Gapless spin liquid ground state of spin-1/2 $J_1$-$J_2$ Heisenberg model on square lattices

TL;DR

This study uses advanced tensor network methods to demonstrate that the spin-1/2 $J_1$-$J_2$ Heisenberg model on square lattices hosts a gapless spin liquid phase without magnetic or dimer order in a specific parameter range.

Contribution

The paper introduces a novel application of gradient-optimized PEPS combined with Monte Carlo sampling to accurately determine the ground state of the $J_1$-$J_2$ model, revealing a gapless spin liquid phase.

Findings

No magnetic, dimer, or plaquette order in the intermediate region.

Power-law decay of correlation functions indicating a gapless spin liquid.

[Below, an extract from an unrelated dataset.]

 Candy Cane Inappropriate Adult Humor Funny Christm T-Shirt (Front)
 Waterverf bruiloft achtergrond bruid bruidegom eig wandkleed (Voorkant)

Ground state energies competitive with the best existing results.

Abstract

The spin-1/2 $J_1$-$J_2$ Heisenberg model on square lattices are investigated via the finite projected entangled pair states (PEPS) method. Using the recently developed gradient optimization method combining with Monte Carlo sampling techniques, we are able to obtain the ground states energies that are competitive to the best results. The calculations show that there is no N\'eel order, dimer order and plaquette order in the region of 0.42 $\lesssim J_2/J_1\lesssim$ 0.6, suggesting a single spin liquid phase in the intermediate region. Furthermore, the calculated staggered spin, dimer and plaquette correlation functions all have power law decay behaviours, which provide strong evidences that the intermediate nonmagnetic phase is a single gapless spin liquid state.